O Brasil tem uma estrutura social e um sistema social diferente. Mas uma coisa que poderia fazer a diferença é o professor da escola primária. Na sociedade finlandesa, os professores são altamente respeitados. Porque eles são bem treinados e talentosos, eles recebem muita confiança das autoridades de educação, e muita autonomia. O que significa que dentro do amplo limite do currículo nacional, o professor pode desenvolver o treinamento usando metodologias e o programa exatamente para se adequar às necessidades de estudantes específicos com os quais ele ou ela está trabalhando.

Então, é uma abordagem muito focada no aluno. No nosso sistema de educação só tem uma prova padrão, aplicado no terceiro ano do ensino médio, essa é a prova final antes de eles irem para a universidade. Então, se há uma coisa que beneficiaria a reforma educacional brasileira, é olhar para o professor, com programas voltados para o professor da escola primária conectados com a universidade, supervisionados pela universidade. Eu não conheço nenhum outro país que use esse sistema como a Finlândia.

Esse é o tipo de conhecimento que você tenta compartilhar aqui?

Sim, estamos felizes em compartilhar, e tem um grande interesse por isso ao redor do mundo. Em muitos grandes países, o sistema de educação é de cima para baixo. Eles têm provas padrão, e depois comparam os resultados dos professores entre as escolas, e recompensam as escolas que conseguem mais pontos. Acrescenta-se uma competição nisso. Não acreditamos nesse modelo.

Mas você pode mudar o cenário no Brasil ou na Tailândia focando em empresas privadas como a Anima ou você também tenta falar com os governos?

Dado que somos recém-chegados no Brasil, ainda estamos testando. Aprendendo a entender como o Brasil funciona. Eu nunca diria que sou um expert no setor de educação no Brasil. Eu só sei um pouco. A vantagem dessas empresas de educação privada é que elas são dinâmicas. Quando elas veem algo bom, elas tem o poder de decisão para fazer as coisas acontecerem. E demonstrar que algo bom está acontecendo. E por meio dessas experiências positivas é que você influencia políticas públicas governamentais. Ainda não estamos tentando diretamente influenciar as políticas públicas. Eu acredito que ações falam mais alto. Em uma empresa como a Anima, e outras, se eles têm novos modelos e os testaram e mostraram bons resultados, esse é um jeito muito poderoso de influenciar as políticas públicas.

O trabalho da sua empresa também é muito importante para a Finlândia, certo?
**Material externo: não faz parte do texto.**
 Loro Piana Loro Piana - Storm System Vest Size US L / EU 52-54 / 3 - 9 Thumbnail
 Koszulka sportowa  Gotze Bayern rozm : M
Eu acredito que o setor de educação na Finlândia tem muito o que compartilhar com o mundo; em termos de volume monetário ainda é pequeno, mas eu acho que há um potencial de crescimento significativo. Na Nova Zelândia, há menos de 5 milhões de pessoas. O mercado de educação internacional deles é de cerca de 3 bilhões de dólares americanos. A maioria das pessoas vai estudar na Nova Zelândia, pagam mensalidade, pagam por moradia. Na Austrália, é mais de 20 bilhões de dólares americanos. Então, em algum momento, isso terá benefícios econômicos significativos para a Finlândia. como um setor. Vai dar novas oportunidades e fortalecer a capacidade das universidades de melhorar sua educação e pesquisa.
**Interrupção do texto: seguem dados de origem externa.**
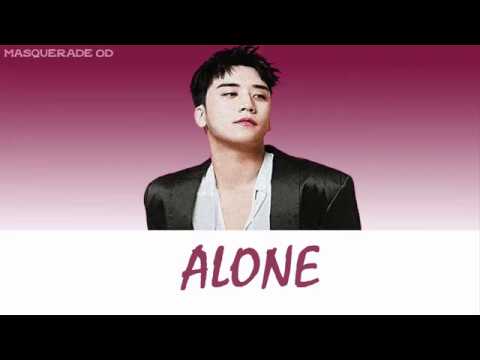 [THAISUB] SEUNGRI - ALONE (혼자 있는법)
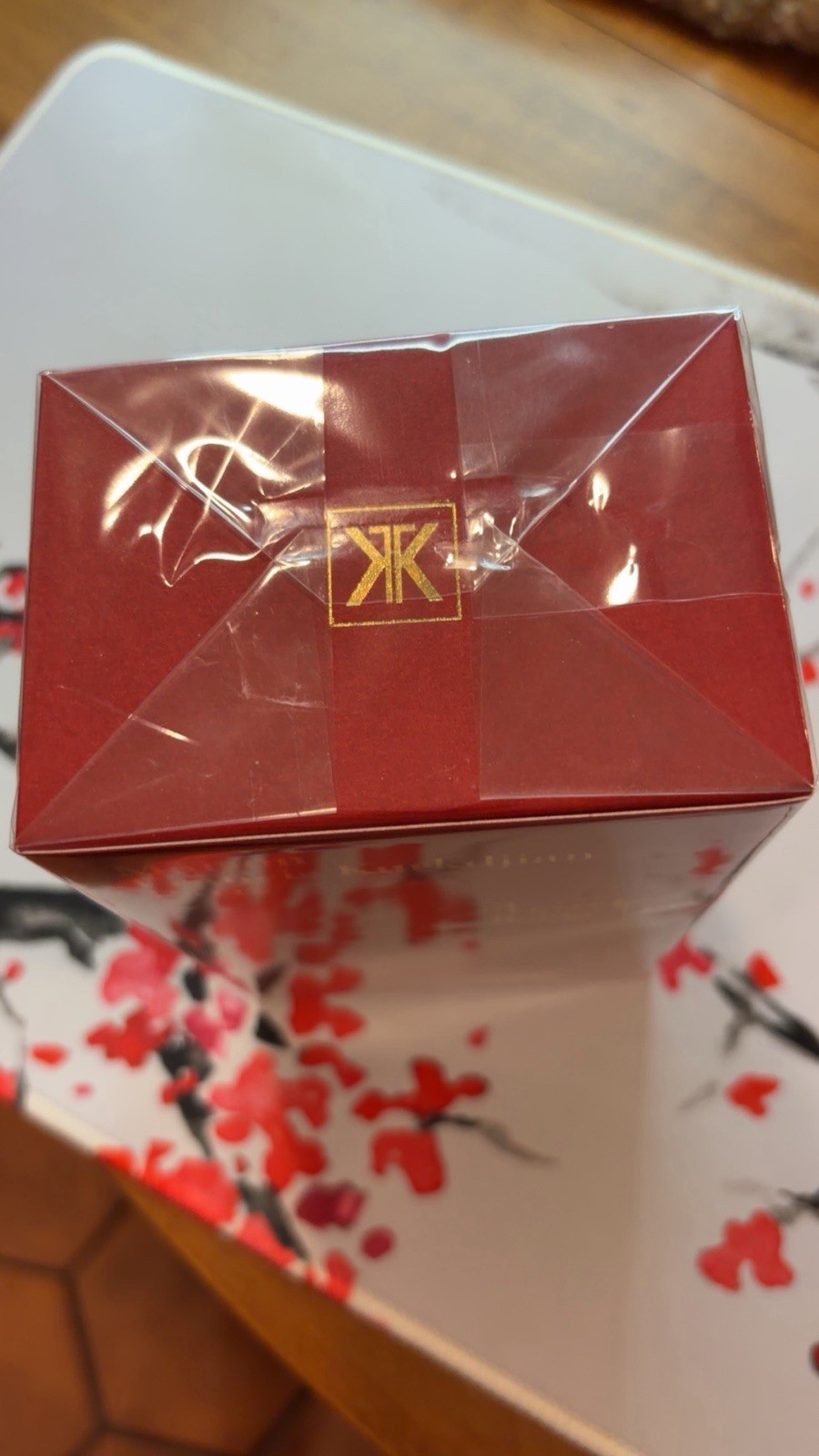 Designer cologne!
Nos últimos anos vimos muitos estudos e artigos sobre os problemas do modelo finlandês, os últimos resultados do PISA não foram os mesmos do que há dez anos… É parte do seu trabalho renovar o modelo, renovar o sistema para continuar no topo dos rankings, ou isso não é importante?

Para a Finlândia, estar no topo dos rankings nunca foi importante. Eu acho que os finlandeses estão meio surpresos com isso. Para muitos países, isso é muito importante, mas é uma boa coisa o fato de eles terem melhorado suas posições nos rankings, porque significa que alguma boa aconteceu nos sistemas de educação deles. Mas a China é um caso extremo. Principalmente algumas cidades, como Shanghai, têm se saído muito bem no PISA. Acho que uma das razões para isso é que são grupos selecionados de alunos que fazem a prova, e eles praticam pra essa prova. Então, não é uma amostragem aleatória, como é na Finlândia. Todas as nossas crianças vêm de uma amostragem aleatória. Seja você número 1, ou 5, ou 10, realmente não importa se você está no topo dessas medições de forma consistente. Isso mostra que algo positivo está acontecendo.